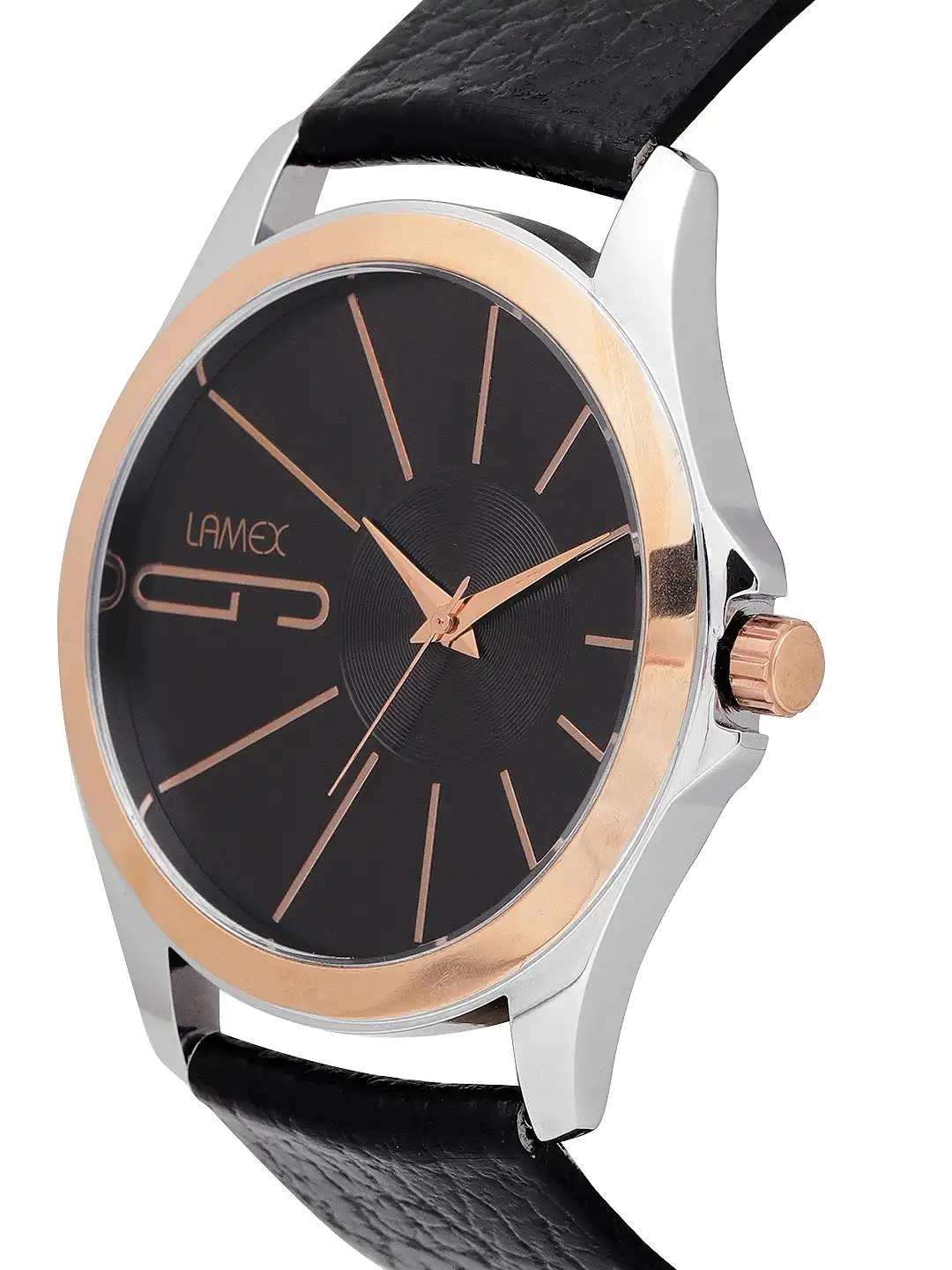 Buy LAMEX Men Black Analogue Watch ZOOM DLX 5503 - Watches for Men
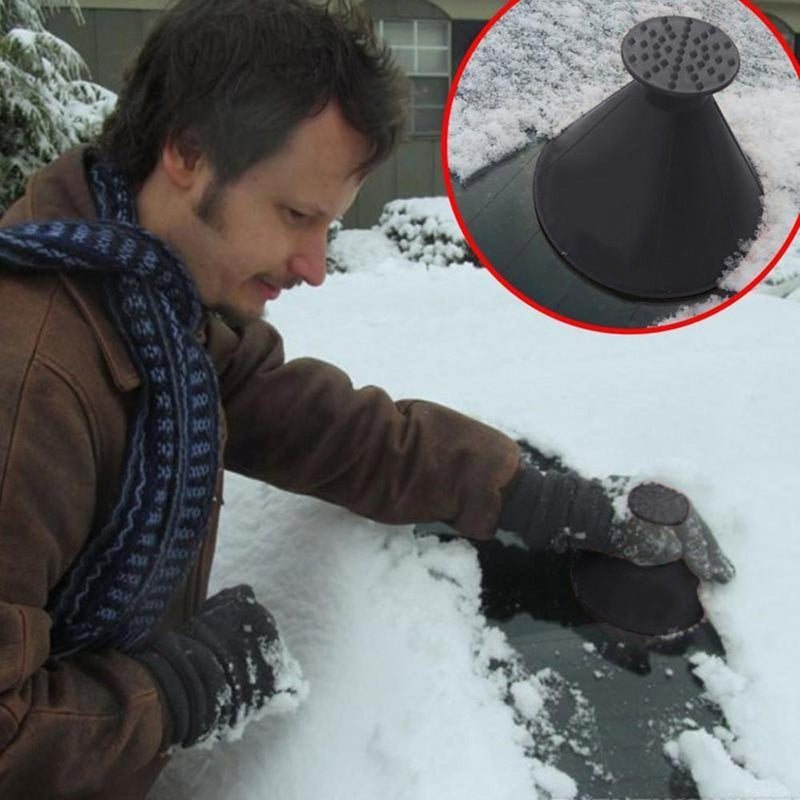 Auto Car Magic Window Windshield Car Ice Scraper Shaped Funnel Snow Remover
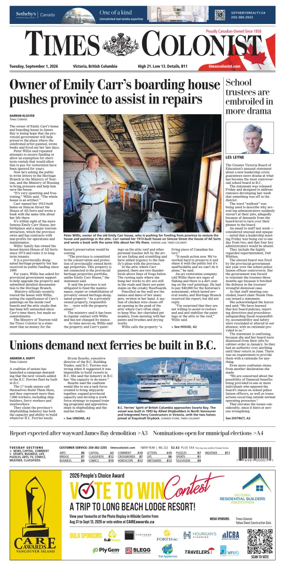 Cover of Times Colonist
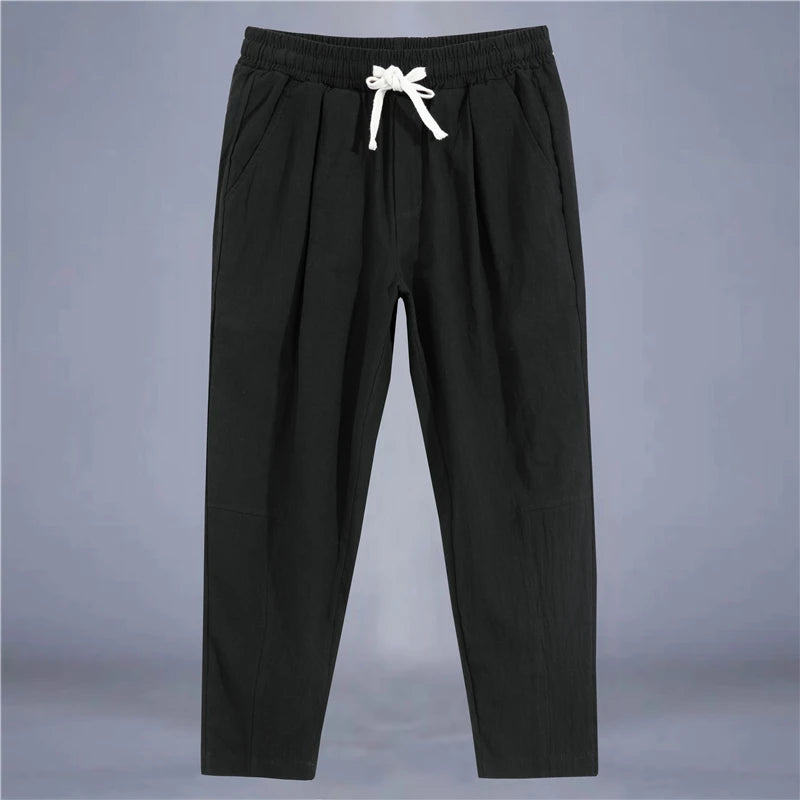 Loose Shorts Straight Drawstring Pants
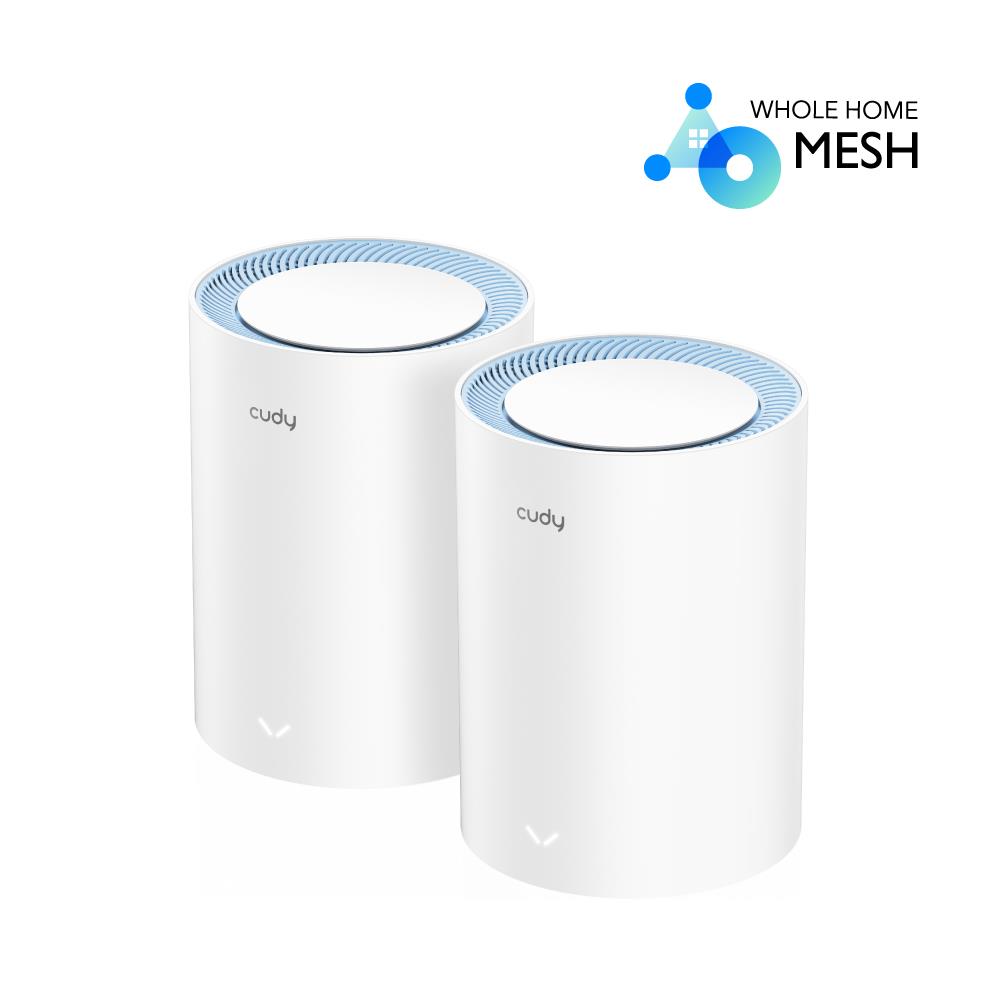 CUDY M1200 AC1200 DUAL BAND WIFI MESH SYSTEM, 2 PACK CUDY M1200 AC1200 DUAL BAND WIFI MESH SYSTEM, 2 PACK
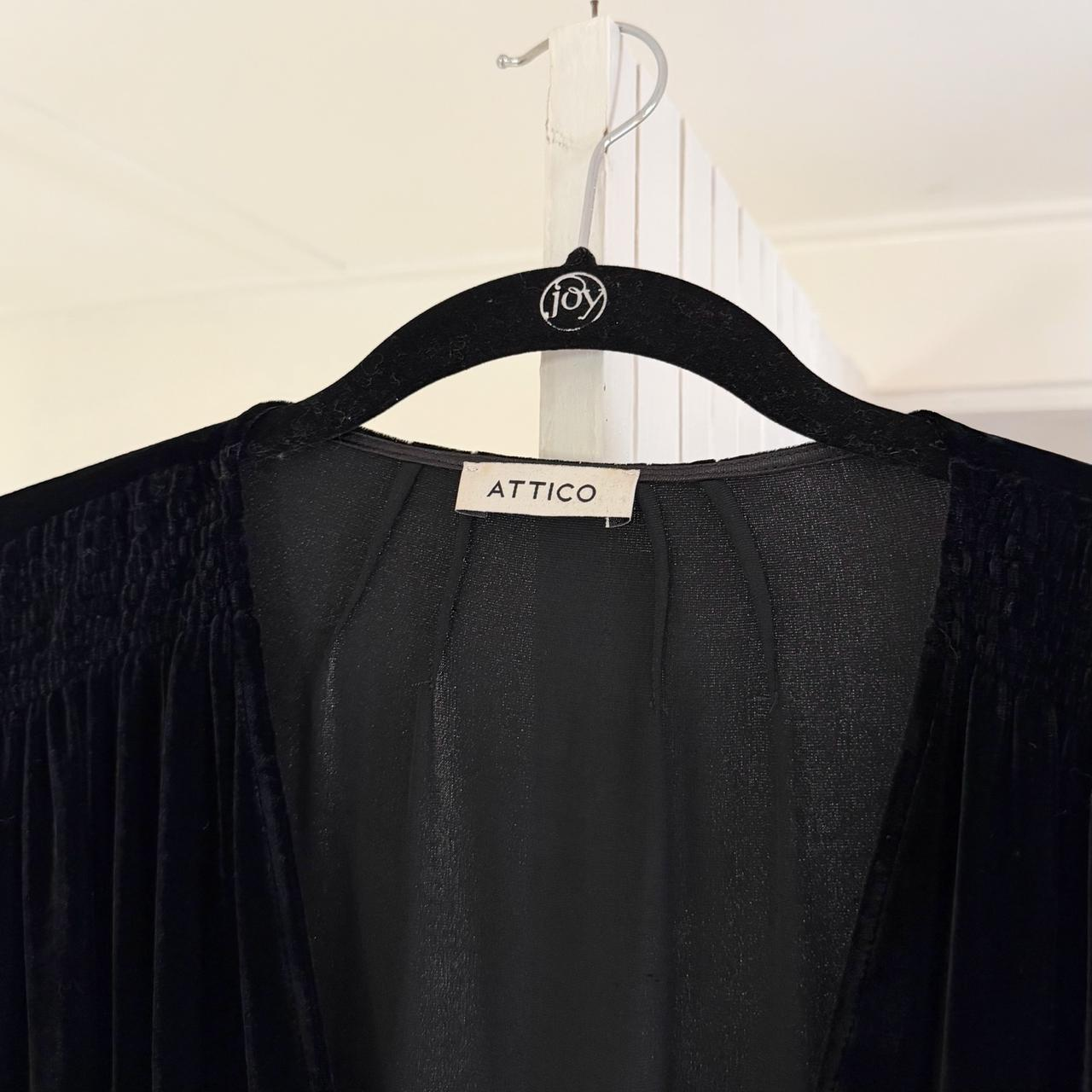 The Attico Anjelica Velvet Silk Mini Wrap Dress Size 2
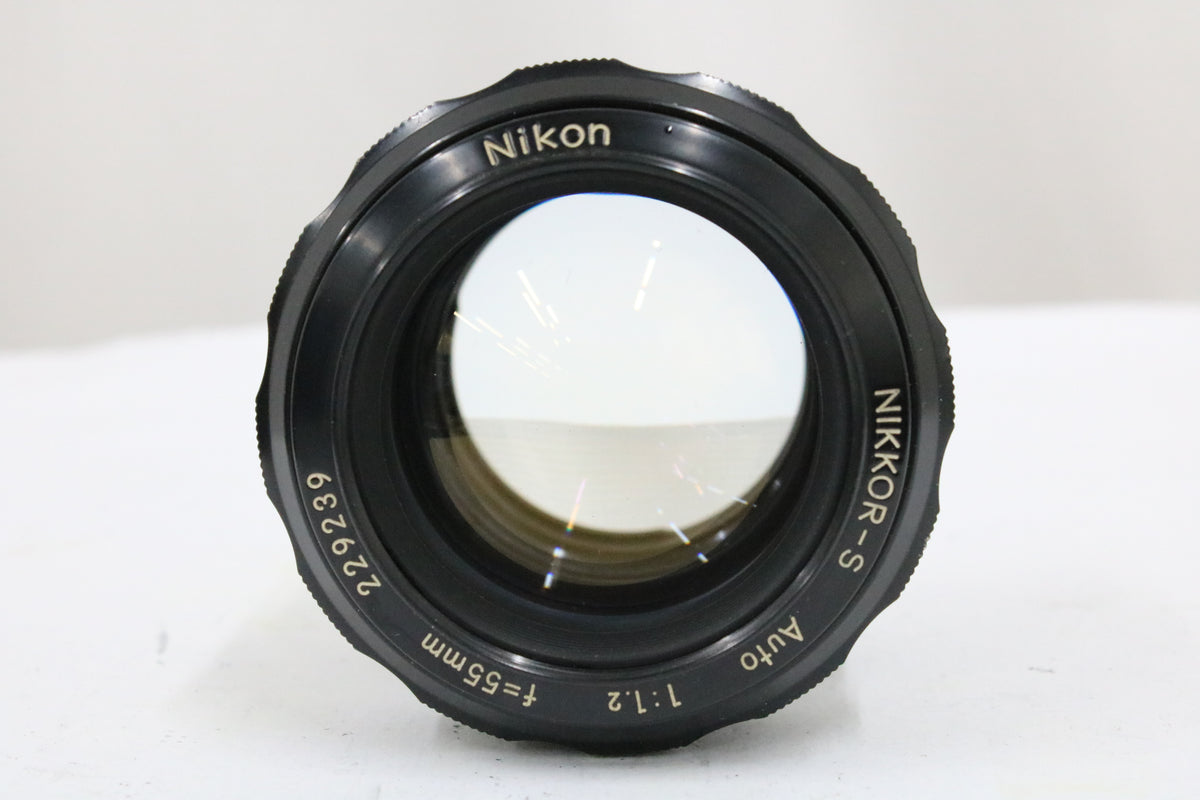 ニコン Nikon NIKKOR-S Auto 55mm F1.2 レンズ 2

***

Work item. Repeat the entries verbatim; no pictures.

Answer to this task.
 Buy LAMEX Men Black Analogue Watch ZOOM DLX 5503 - Watches for Men
 Auto Car Magic Window Windshield Car Ice Scraper Shaped Funnel Snow Remover
 Cover of Times Colonist
 Loose Shorts Straight Drawstring Pants
 CUDY M1200 AC1200 DUAL BAND WIFI MESH SYSTEM, 2 PACK CUDY M1200 AC1200 DUAL BAND WIFI MESH SYSTEM, 2 PACK
 The Attico Anjelica Velvet Silk Mini Wrap Dress Size 2
 ニコン Nikon NIKKOR-S Auto 55mm F1.2 レンズ 2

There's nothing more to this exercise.